I’m not a natural mathematician so perhaps the answer is really obvious to others however I would love to understand it.
It’s related to the number of times the hour hand and the minute hand cross over on a clock in a given day (i.e at midnight, at 1.05, 2.10 etc)
Many people might immediately assume the number of occasions is 24 but of course the minute hand is always creeping forward. The number of times the hour hand and minute hand meet in a day is 22. The hands come together once every 65 minutes and you can do the maths - 1440 (number of minutes per day) / 65 = 22
But it’s not 22 exactly. 1440 divided by 65 is 22.153846
However the clock effectively resets itself at the start of every day. So each day, as far as I can tell, always has 22 instances no more and no less.
Not sure where you got 65, but that is obviously incorrect, since if the hands are together at 12 o’clock for instance, 65 minutes later the minute hand is only on the 1 while it is past 1 o’clock.

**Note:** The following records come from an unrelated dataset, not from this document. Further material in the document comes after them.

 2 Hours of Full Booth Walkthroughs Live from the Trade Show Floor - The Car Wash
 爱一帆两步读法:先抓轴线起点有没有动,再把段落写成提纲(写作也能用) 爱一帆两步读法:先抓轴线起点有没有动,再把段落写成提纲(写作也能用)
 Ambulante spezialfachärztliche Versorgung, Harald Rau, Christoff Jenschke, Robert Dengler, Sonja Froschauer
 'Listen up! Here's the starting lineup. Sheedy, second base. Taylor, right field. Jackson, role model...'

ETA I see someone wrote the same thing. Anyway 24 hours divided by 22 is over 27 seconds longer than 65 minutes.
The mistake is here. Let’s say that you start at midnight, where both hands are aligned on 12. You are thinking that, 65 minutes later, both hands will be pointing at the 1am position but this is not the case. The minute hand will be pointing at the 1am position but the hour hand will be a little further away since it is not 1am but 1.05am. So the minute hand will need to rotate a little bit more to catch up with the hour hand.
If you want to do the math, both hands will cross at time t (in hours).

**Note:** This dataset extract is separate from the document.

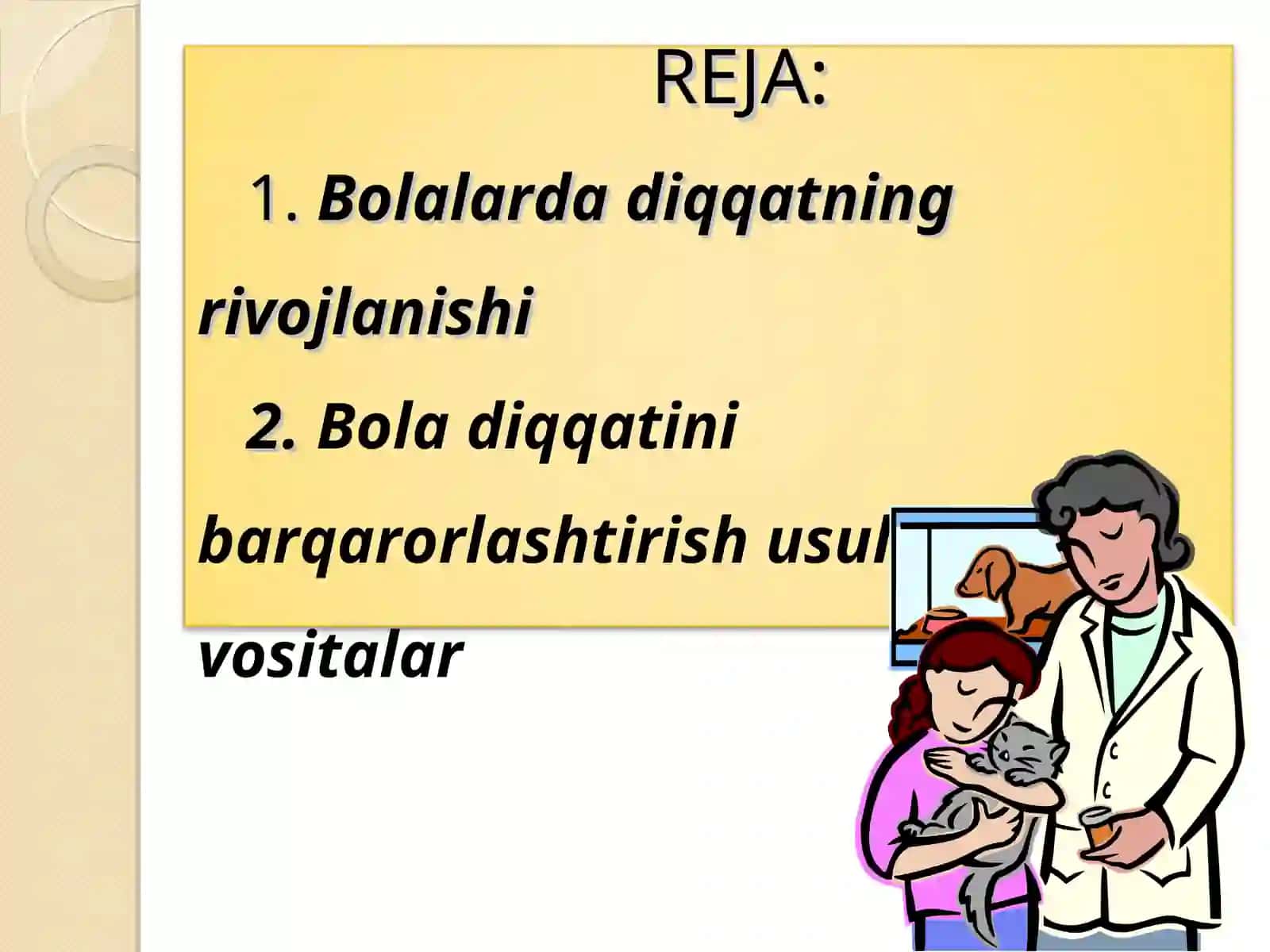 Bola diqqatini barqarorlashtiruvchi usul va vositalar 2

The hour hand rotates between two hour marks in 1 hour, so it will have rotated by t marks.
The minute hand between two hour marks in 1/12 hour, and it will have made an entire revolution (12 marks), plus t marks, at time t.
Solve:
t = (t+12)/12
t = t/12 + 12/12
11*t/12 = 12/12
t = 12/11 hours
t = 65.45454545 minutes
Numberphile actually has a video for it, though, unless I’m missing something, I think there’s a bit of an error at 2:33 where they show the overlap times, as they list them as 1:05.27, 2:10.55, 3:16.22 while they should be 1:05:27, 2:10:55, 3:16:22.
Not really units causing the problem, but units inspire the problem … … its the maths rounded off too severely.
it all depends on how time he was willing to assume was just rounding error. Which isn’t really a question of units, but the choice to use the units of time lead to the difficult spotting the rouding off.
With 22 events, if its rounded off to the minute, the error could be as large as 22 minutes. Work off the maximum, because that is because its not a random process at work. The synchronicity (nonrandomness) of the error might conspire to make the 22 errors all the largest possible errors, not a random collection of errors.
If rounded off to 100ths of a minute (100 because thats two digits in decimal) the error could be 22 of them wrong, which is approx 20 seconds.